RECORDED INFORMATION
::::::::::

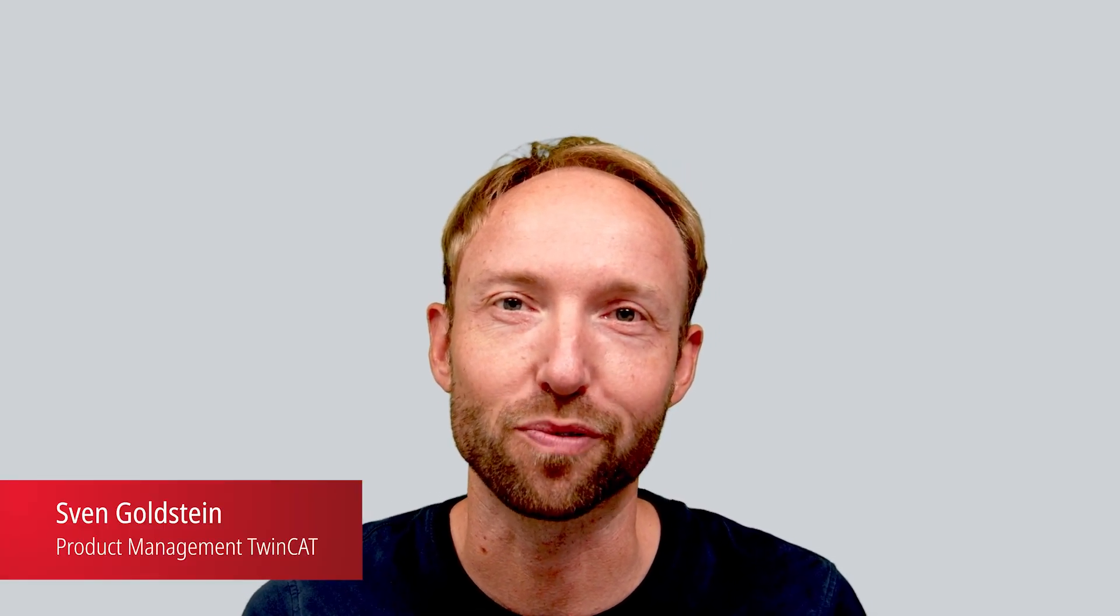Hello and welcome to this video tutorial. My name is Sven Goldstein. I'm product manager for our TwinCAT automation software and responsible for connectivity.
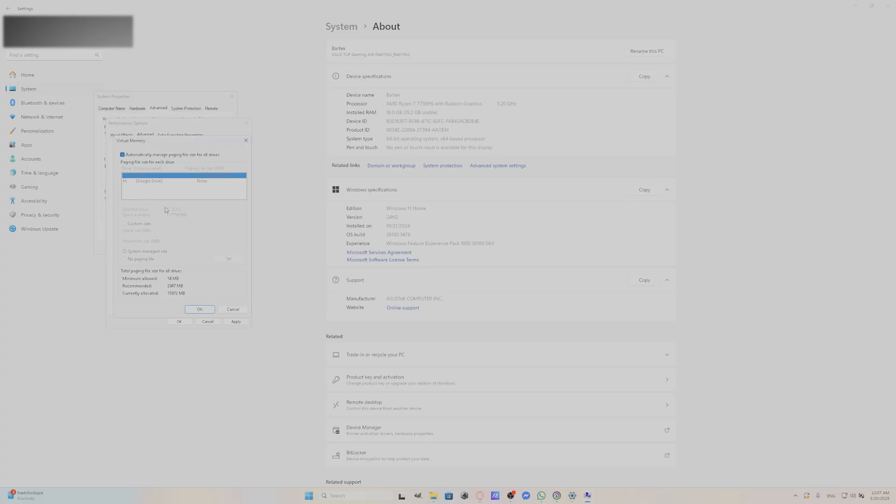If you don't have maximum RAM memory selected, select Custom Size and select Maximum Size of your RAM.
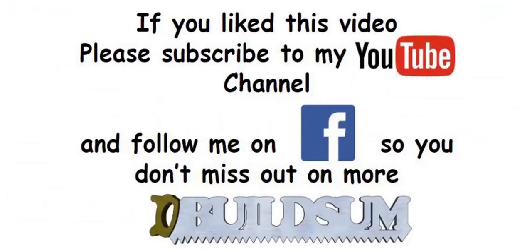G'day, I'm back. Just let you know that if you like this video, you can subscribe to my YouTube channel or you can follow me on Facebook so you don't miss out on more great videos.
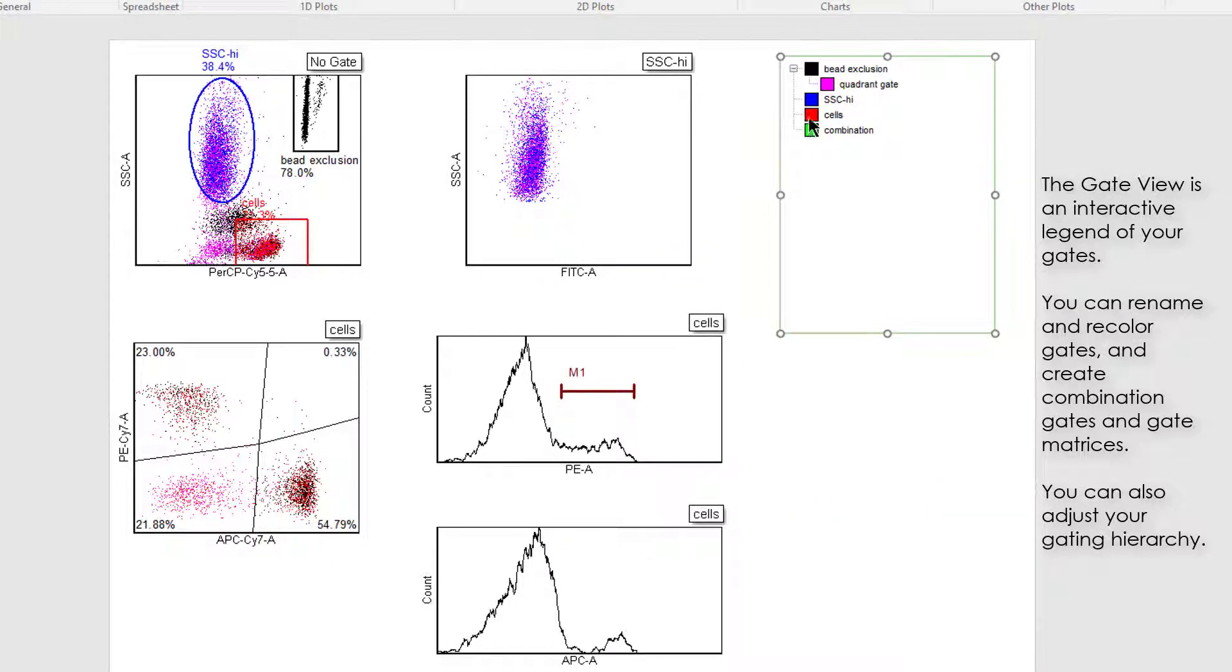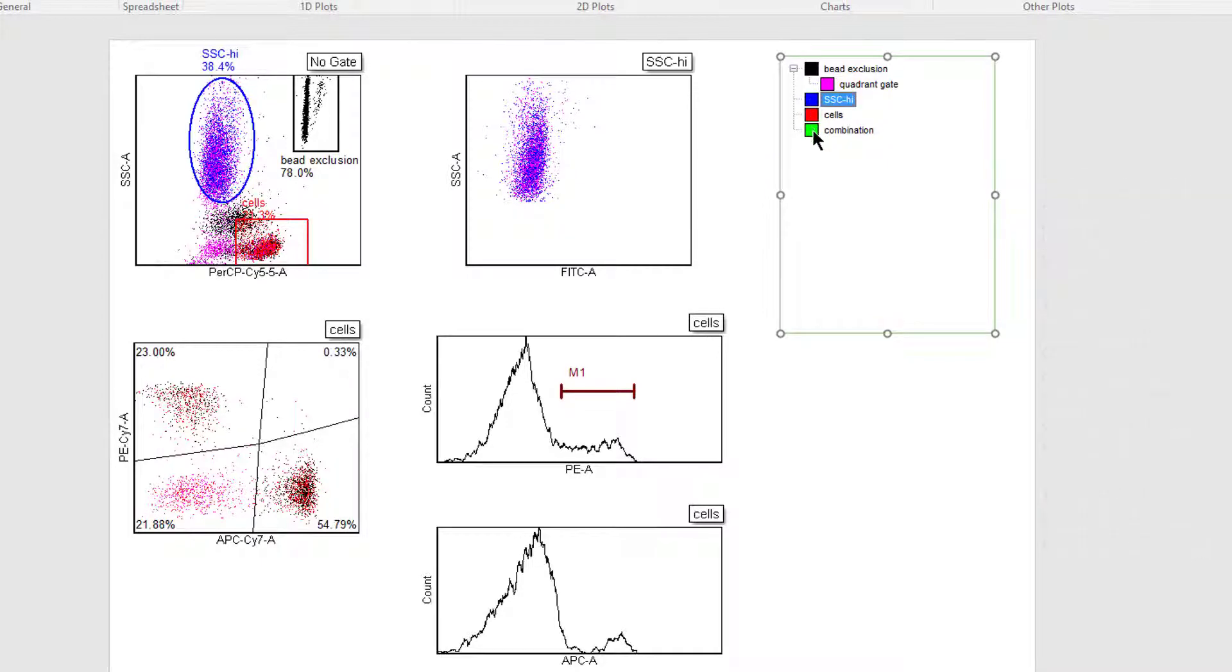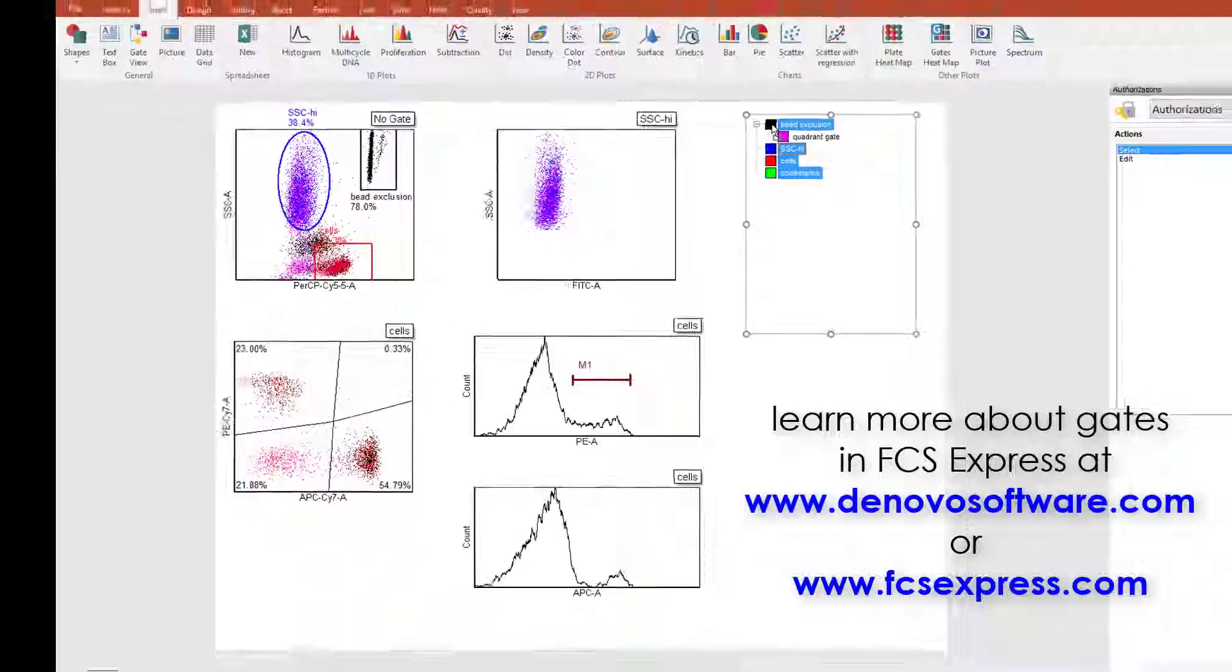In the GateView, you can also reorganize the hierarchy of your gates simply by selecting the gates and dragging and dropping them into the parental gate.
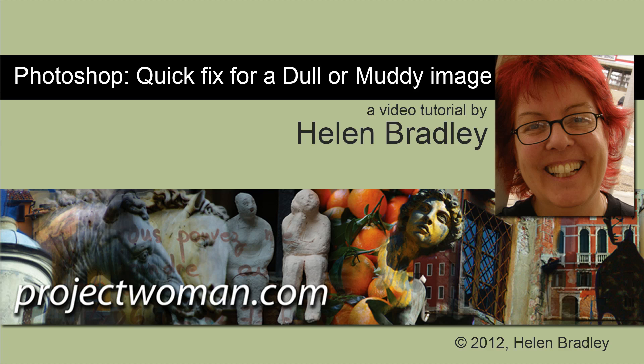Hello, I'm Helen Bradley. Welcome to this video tutorial. Today I'm going to show you a quick fix for a dull or muddy looking image. This is an image that lacks tonal range. It lacks contrast and we're going to give it a punch quickly and easily.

::::::::::

EXERCISE AIM
I would like the exact lines from the data above, starting with the one that holds "If you don't" and going on through the one that holds "In the GateView, you", without the pictures.

THE ANSWER
If you don't have maximum RAM memory selected, select Custom Size and select Maximum Size of your RAM.
G'day, I'm back. Just let you know that if you like this video, you can subscribe to my YouTube channel or you can follow me on Facebook so you don't miss out on more great videos.
In the GateView, you can also reorganize the hierarchy of your gates simply by selecting the gates and dragging and dropping them into the parental gate.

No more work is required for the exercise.